A. Incorrecta análise e apreciação da prova – reapreciação da prova gravada, devendo passar a considerar-se como provada, a seguinte factualidade:

a) O condutor da viatura (...) PP ao avistar a viatura (...) NT encostou à sua direita, saindo inclusive parcialmente da sua faixa de rodagem, tendo mesmo embatido com o para choques frontal direito na berma da estrada, ficando imobilizada.

c) A distância libertada pelo veículo da Autora ao veículo seguro na Ré foi de 3,00 metros.

d) O veículo da Autora saiu para a direita da sua hemi-faixa de rodagem cerca de 0,80 metros.

l) O veículo da Autora ficou impossibilitado de circular;

B. Se deve, ainda, ser dado como provado que o condutor do veículo seguro na ré, o conduzia como empregado da sociedade “T (...) ”, sua proprietária e por conta desta;

            C. Culpabilidade dos intervenientes na produção do acidente.

D. Montante da indemnização a atribuir à autora.

           

            Recurso da ré B... :

            E. Incorrecta análise e apreciação da prova – alteração da al. j) dos factos dados como não provados, a qual, deverá passar a ter a seguinte redacção:

“Quando foi embatido pelo veículo da autora, a lateral traseira do veículo seguro na ré estava a 0,25 metros da berma direita e a sua lateral dianteira direita estava a 2,80 metros da berma esquerda”.

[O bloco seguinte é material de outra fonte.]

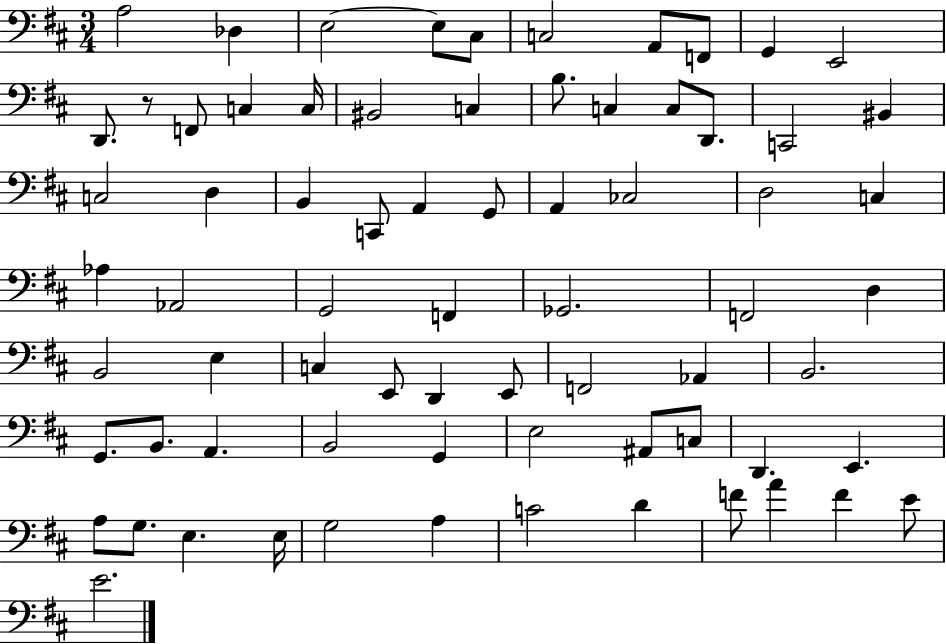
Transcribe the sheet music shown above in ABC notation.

X:1
T:Untitled
M:3/4
L:1/4
K:D
A,2 _D, E,2 E,/2 ^C,/2 C,2 A,,/2 F,,/2 G,, E,,2 D,,/2 z/2 F,,/2 C, C,/4 ^B,,2 C, B,/2 C, C,/2 D,,/2 C,,2 ^B,, C,2 D, B,, C,,/2 A,, G,,/2 A,, _C,2 D,2 C, _A, _A,,2 G,,2 F,, _G,,2 F,,2 D, B,,2 E, C, E,,/2 D,, E,,/2 F,,2 _A,, B,,2 G,,/2 B,,/2 A,, B,,2 G,, E,2 ^A,,/2 C,/2 D,, E,, A,/2 G,/2 E, E,/4 G,2 A, C2 D F/2 A F E/2 E2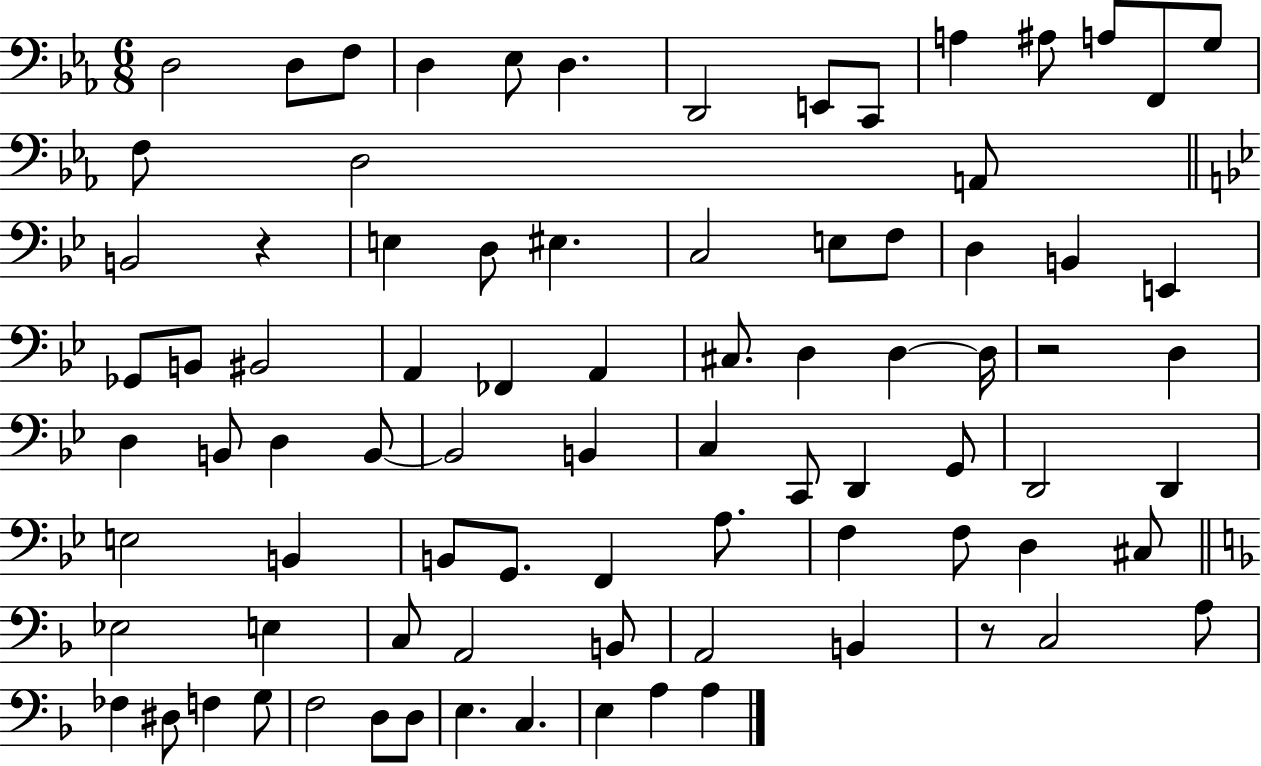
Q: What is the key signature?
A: EES major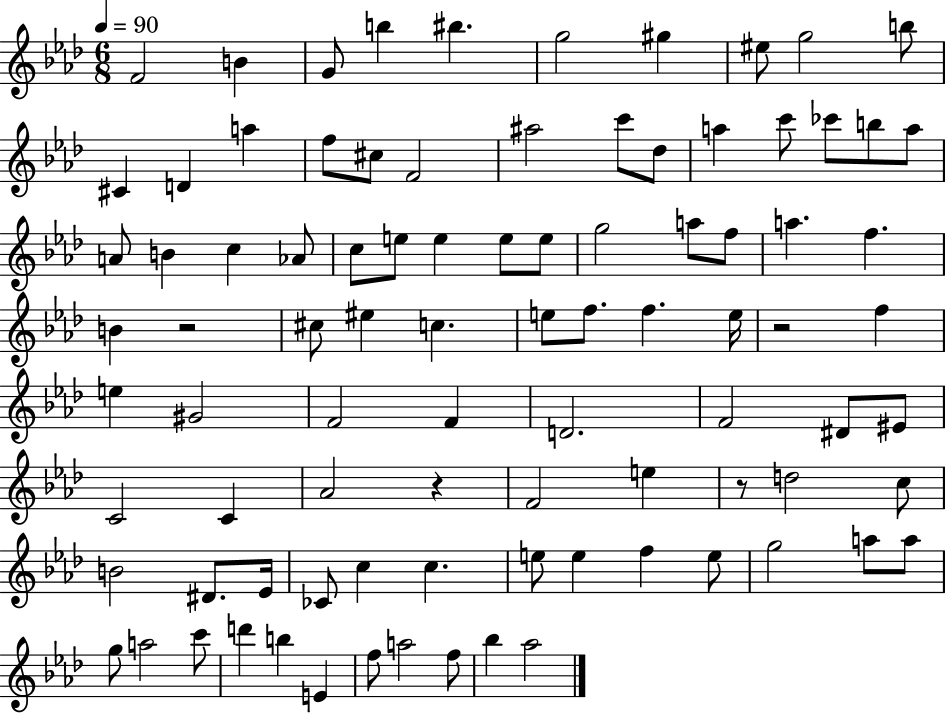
F4/h B4/q G4/e B5/q BIS5/q. G5/h G#5/q EIS5/e G5/h B5/e C#4/q D4/q A5/q F5/e C#5/e F4/h A#5/h C6/e Db5/e A5/q C6/e CES6/e B5/e A5/e A4/e B4/q C5/q Ab4/e C5/e E5/e E5/q E5/e E5/e G5/h A5/e F5/e A5/q. F5/q. B4/q R/h C#5/e EIS5/q C5/q. E5/e F5/e. F5/q. E5/s R/h F5/q E5/q G#4/h F4/h F4/q D4/h. F4/h D#4/e EIS4/e C4/h C4/q Ab4/h R/q F4/h E5/q R/e D5/h C5/e B4/h D#4/e. Eb4/s CES4/e C5/q C5/q. E5/e E5/q F5/q E5/e G5/h A5/e A5/e G5/e A5/h C6/e D6/q B5/q E4/q F5/e A5/h F5/e Bb5/q Ab5/h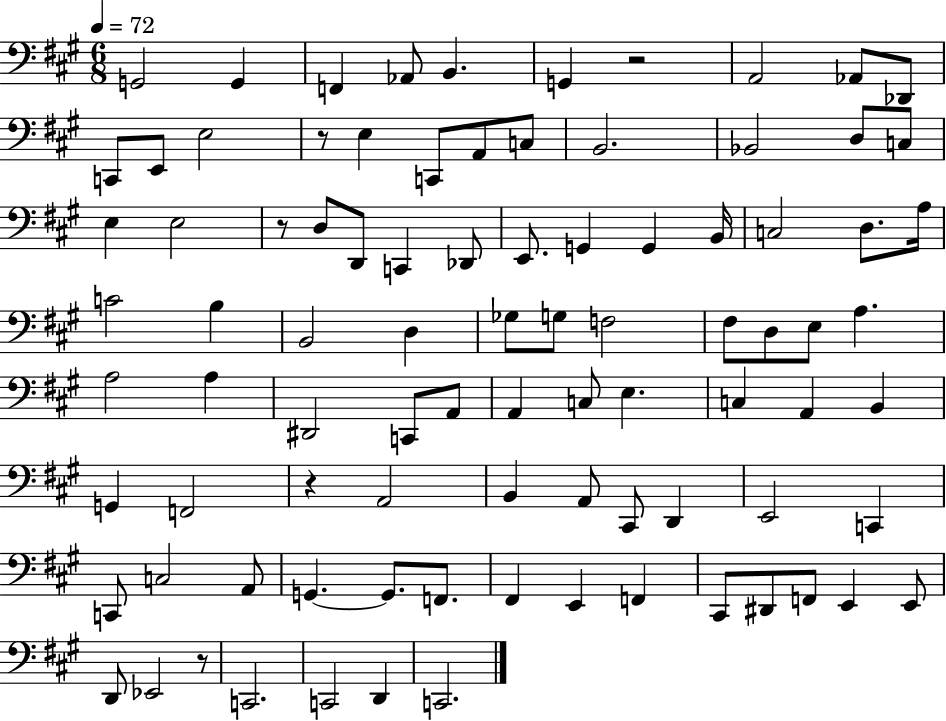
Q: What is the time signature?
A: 6/8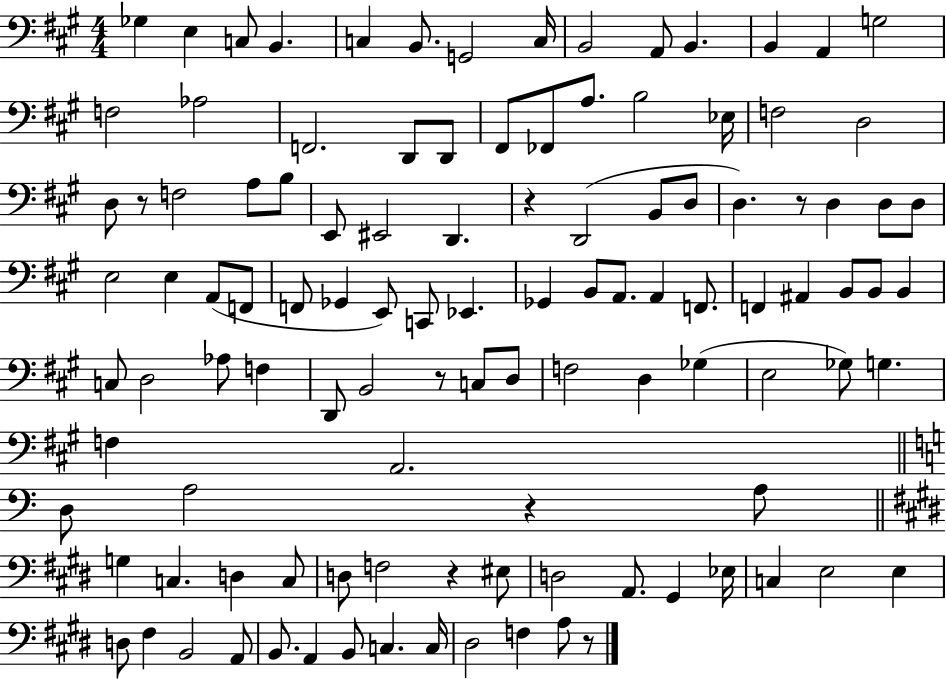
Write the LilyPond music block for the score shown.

{
  \clef bass
  \numericTimeSignature
  \time 4/4
  \key a \major
  ges4 e4 c8 b,4. | c4 b,8. g,2 c16 | b,2 a,8 b,4. | b,4 a,4 g2 | \break f2 aes2 | f,2. d,8 d,8 | fis,8 fes,8 a8. b2 ees16 | f2 d2 | \break d8 r8 f2 a8 b8 | e,8 eis,2 d,4. | r4 d,2( b,8 d8 | d4.) r8 d4 d8 d8 | \break e2 e4 a,8( f,8 | f,8 ges,4 e,8) c,8 ees,4. | ges,4 b,8 a,8. a,4 f,8. | f,4 ais,4 b,8 b,8 b,4 | \break c8 d2 aes8 f4 | d,8 b,2 r8 c8 d8 | f2 d4 ges4( | e2 ges8) g4. | \break f4 a,2. | \bar "||" \break \key a \minor d8 a2 r4 a8 | \bar "||" \break \key e \major g4 c4. d4 c8 | d8 f2 r4 eis8 | d2 a,8. gis,4 ees16 | c4 e2 e4 | \break d8 fis4 b,2 a,8 | b,8. a,4 b,8 c4. c16 | dis2 f4 a8 r8 | \bar "|."
}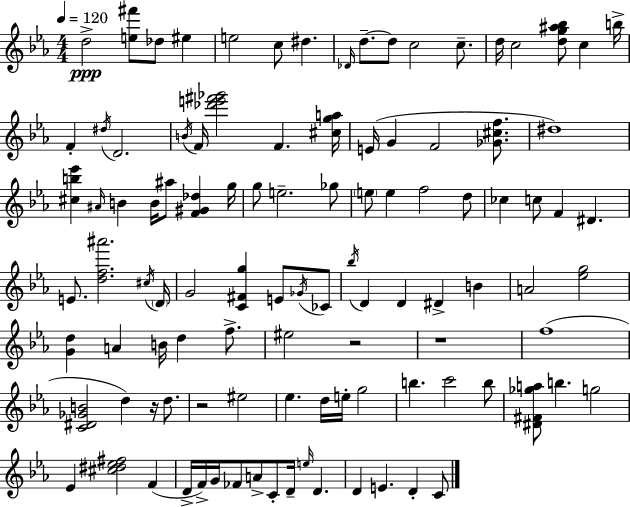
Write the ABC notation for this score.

X:1
T:Untitled
M:4/4
L:1/4
K:Eb
d2 [e^f']/2 _d/2 ^e e2 c/2 ^d _D/4 d/2 d/2 c2 c/2 d/4 c2 [dg^a_b]/2 c b/4 F ^d/4 D2 B/4 F/4 [_d'e'^f'_g']2 F [^cga]/4 E/4 G F2 [_G^cf]/2 ^d4 [^cb_e'] ^A/4 B B/4 ^a/2 [F^G_d] g/4 g/2 e2 _g/2 e/2 e f2 d/2 _c c/2 F ^D E/2 [df^a']2 ^c/4 D/4 G2 [C^Fg] E/2 _G/4 _C/2 _b/4 D D ^D B A2 [_eg]2 [Gd] A B/4 d f/2 ^e2 z2 z4 f4 [C^D_GB]2 d z/4 d/2 z2 ^e2 _e d/4 e/4 g2 b c'2 b/2 [^D^F_ga]/2 b g2 _E [^c^d_e^f]2 F D/4 F/4 G/4 _F/2 A/2 C/2 D/4 e/4 D D E D C/2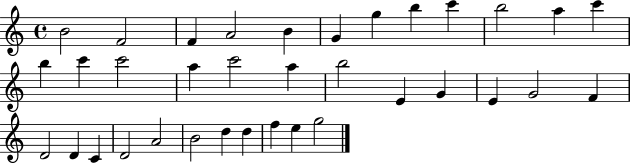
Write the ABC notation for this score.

X:1
T:Untitled
M:4/4
L:1/4
K:C
B2 F2 F A2 B G g b c' b2 a c' b c' c'2 a c'2 a b2 E G E G2 F D2 D C D2 A2 B2 d d f e g2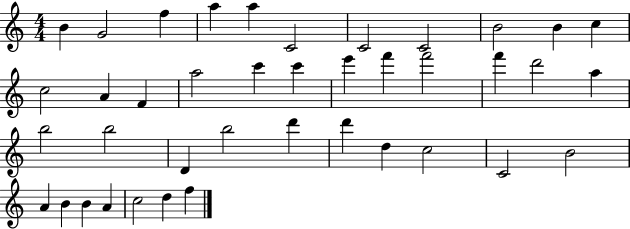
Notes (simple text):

B4/q G4/h F5/q A5/q A5/q C4/h C4/h C4/h B4/h B4/q C5/q C5/h A4/q F4/q A5/h C6/q C6/q E6/q F6/q F6/h F6/q D6/h A5/q B5/h B5/h D4/q B5/h D6/q D6/q D5/q C5/h C4/h B4/h A4/q B4/q B4/q A4/q C5/h D5/q F5/q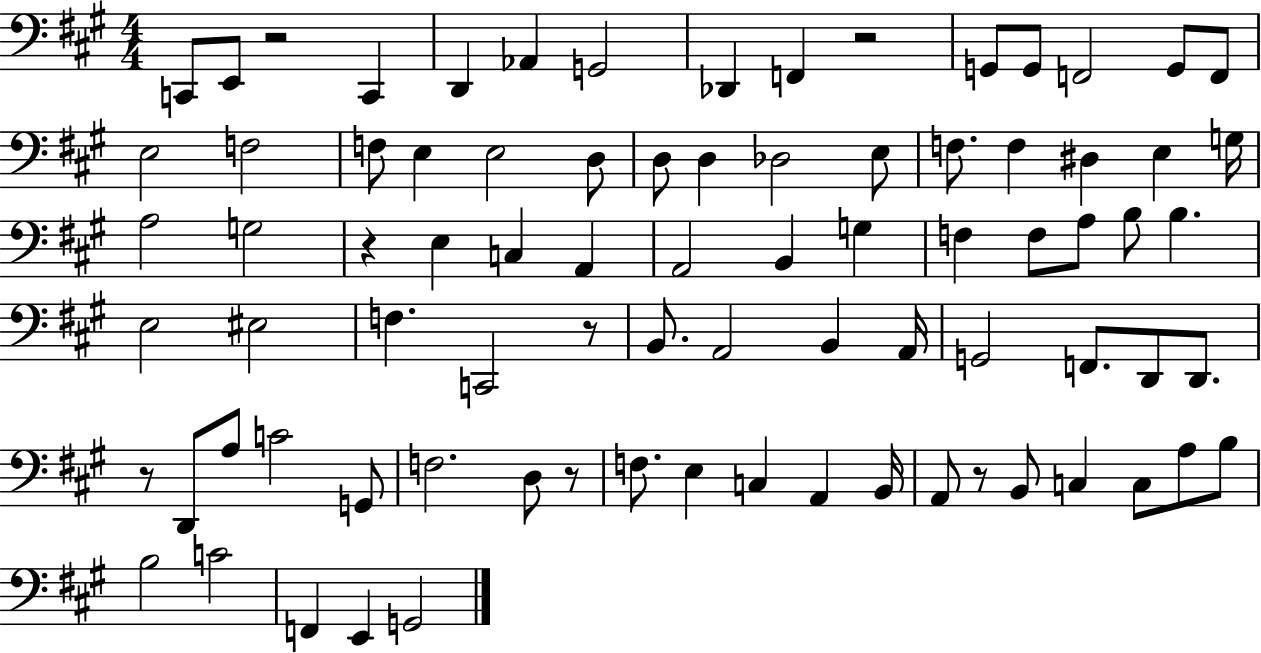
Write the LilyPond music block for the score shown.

{
  \clef bass
  \numericTimeSignature
  \time 4/4
  \key a \major
  \repeat volta 2 { c,8 e,8 r2 c,4 | d,4 aes,4 g,2 | des,4 f,4 r2 | g,8 g,8 f,2 g,8 f,8 | \break e2 f2 | f8 e4 e2 d8 | d8 d4 des2 e8 | f8. f4 dis4 e4 g16 | \break a2 g2 | r4 e4 c4 a,4 | a,2 b,4 g4 | f4 f8 a8 b8 b4. | \break e2 eis2 | f4. c,2 r8 | b,8. a,2 b,4 a,16 | g,2 f,8. d,8 d,8. | \break r8 d,8 a8 c'2 g,8 | f2. d8 r8 | f8. e4 c4 a,4 b,16 | a,8 r8 b,8 c4 c8 a8 b8 | \break b2 c'2 | f,4 e,4 g,2 | } \bar "|."
}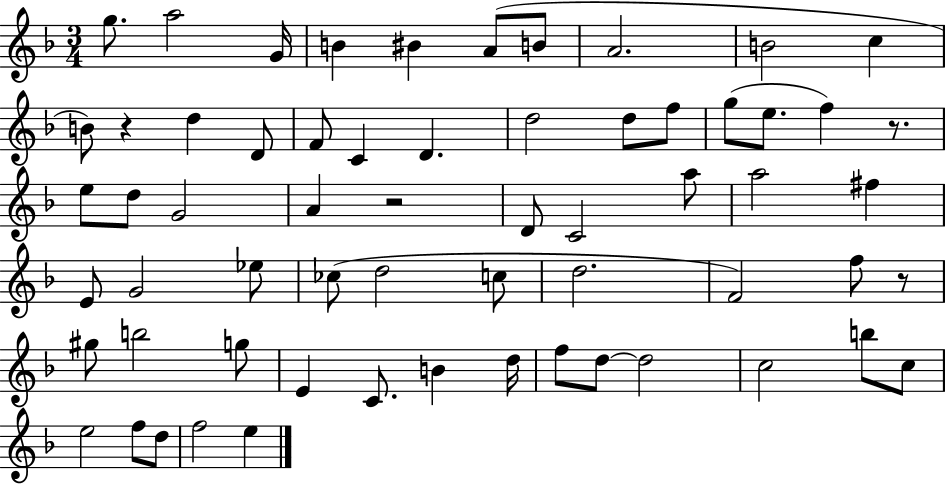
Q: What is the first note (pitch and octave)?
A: G5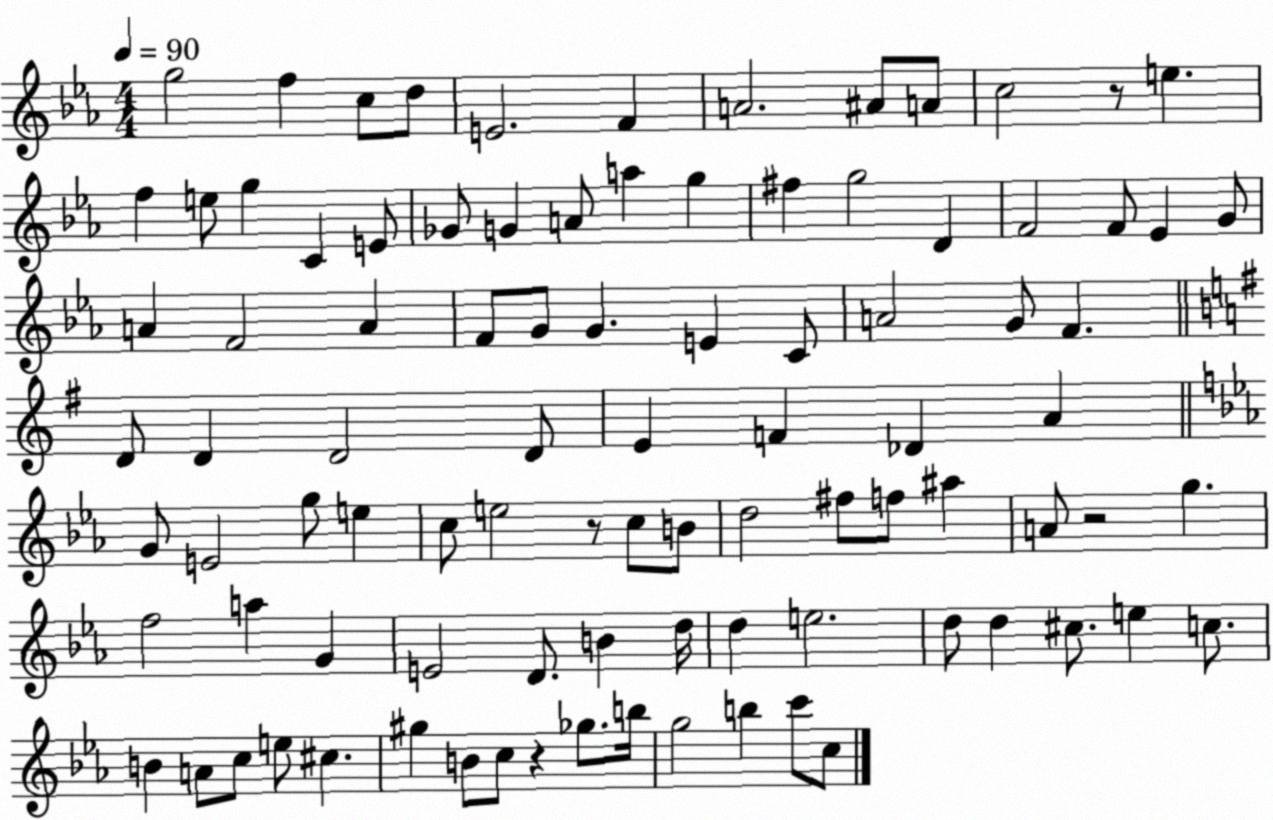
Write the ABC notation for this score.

X:1
T:Untitled
M:4/4
L:1/4
K:Eb
g2 f c/2 d/2 E2 F A2 ^A/2 A/2 c2 z/2 e f e/2 g C E/2 _G/2 G A/2 a g ^f g2 D F2 F/2 _E G/2 A F2 A F/2 G/2 G E C/2 A2 G/2 F D/2 D D2 D/2 E F _D A G/2 E2 g/2 e c/2 e2 z/2 c/2 B/2 d2 ^f/2 f/2 ^a A/2 z2 g f2 a G E2 D/2 B d/4 d e2 d/2 d ^c/2 e c/2 B A/2 c/2 e/2 ^c ^g B/2 c/2 z _g/2 b/4 g2 b c'/2 c/2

            É a seguinte a matéria de facto dada por provada na decisão recorrida:

1. A Autora é uma sociedade comercial cujo objecto é o transporte de passageiros, possuindo para o efeito vários autocarros que são utilizados na persecução do seu objecto social.

2. No dia 25 de Outubro de 2012, pelas 17h20m, na Rua Principal, na localidade de Coucão, concelho de Sátão e distrito de Viseu, ocorreu um acidente entre os veículos de matrícula (...) PP e (...) NT.

3. Foram intervenientes no acidente referido em 2., D... , portador da carta de condução n.º C – 1388628 que conduzia o veículo pesado de passageiros, marca SETRA, com a matrícula (...) PP, propriedade da Autora, e C... , portador da carta de condução n.º C -376886, que conduzia o veículo ligeiro de marca TOYOTA, matrícula (...) NT, propriedade da sociedade comercial denominada de T (...) Unipessoal, Lda., segurado da Ré.

4. D... , à data do acidente, trabalhava e cumpria ordens da Autora.

5. À data do acidente, o veículo (...) NT tinha a responsabilidade por acidente de viação validamente transferida para a Ré, através da apólice n.º 201605252.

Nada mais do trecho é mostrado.